Record excerpts below:
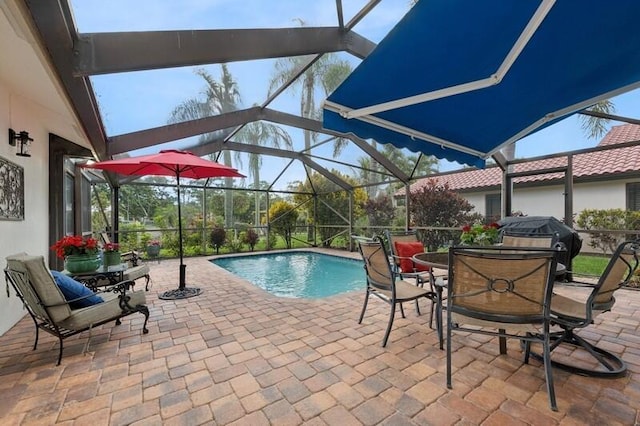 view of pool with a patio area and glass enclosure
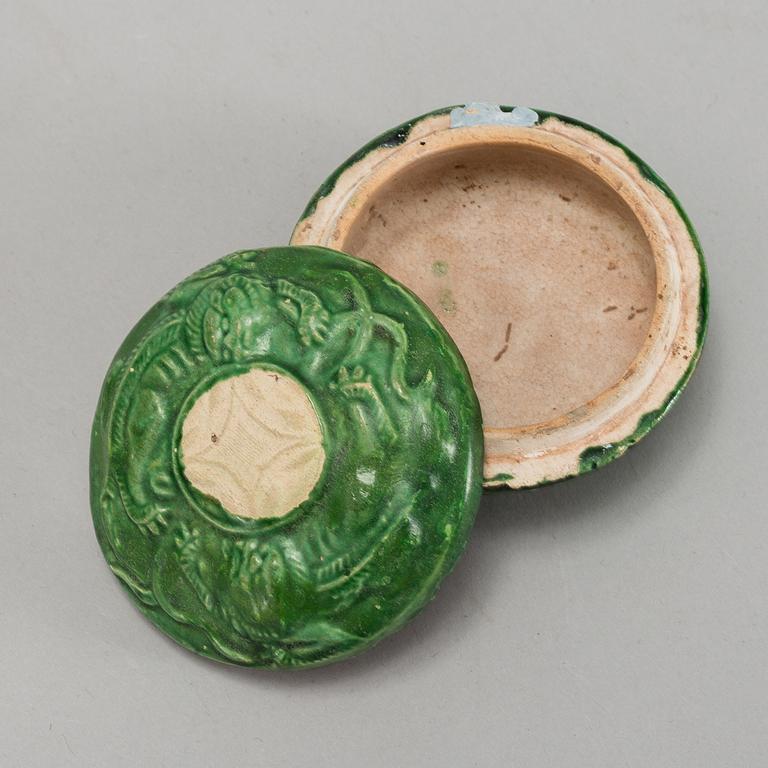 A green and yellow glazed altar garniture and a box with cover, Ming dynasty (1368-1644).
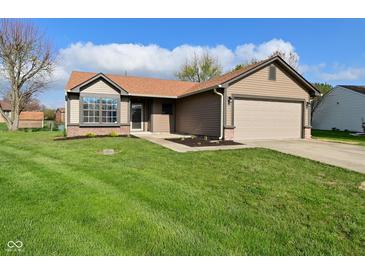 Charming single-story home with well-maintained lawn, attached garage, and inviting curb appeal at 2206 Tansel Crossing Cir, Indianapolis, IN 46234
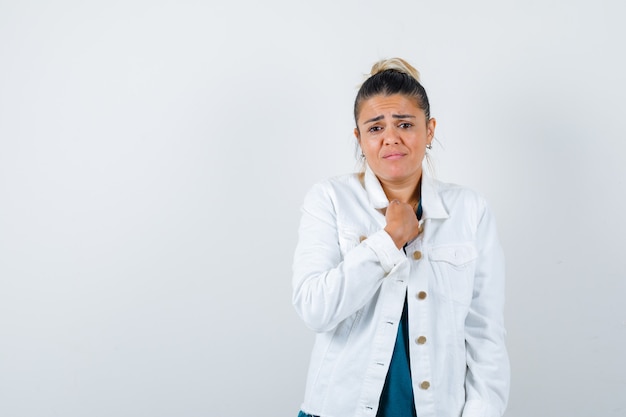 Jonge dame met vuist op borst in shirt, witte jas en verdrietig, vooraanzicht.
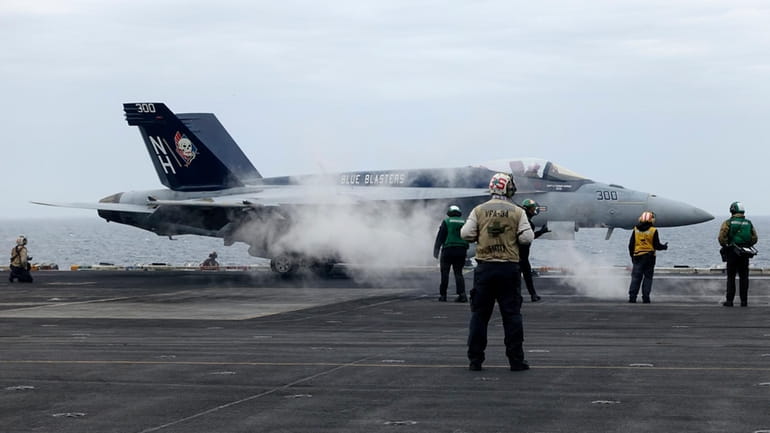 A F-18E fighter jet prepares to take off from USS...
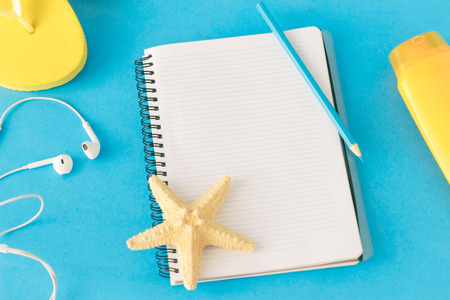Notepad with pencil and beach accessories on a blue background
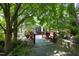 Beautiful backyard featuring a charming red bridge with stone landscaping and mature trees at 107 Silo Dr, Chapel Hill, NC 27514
End of Record excerpts.
**Exercise**
Transcribe nothing but the lines from the one containing "Charming single-story home" through the final line of the records, exactly as written and without pictures.

**Worked solution**
 Charming single-story home with well-maintained lawn, attached garage, and inviting curb appeal at 2206 Tansel Crossing Cir, Indianapolis, IN 46234
 Jonge dame met vuist op borst in shirt, witte jas en verdrietig, vooraanzicht.
 A F-18E fighter jet prepares to take off from USS...
Notepad with pencil and beach accessories on a blue background
 Beautiful backyard featuring a charming red bridge with stone landscaping and mature trees at 107 Silo Dr, Chapel Hill, NC 27514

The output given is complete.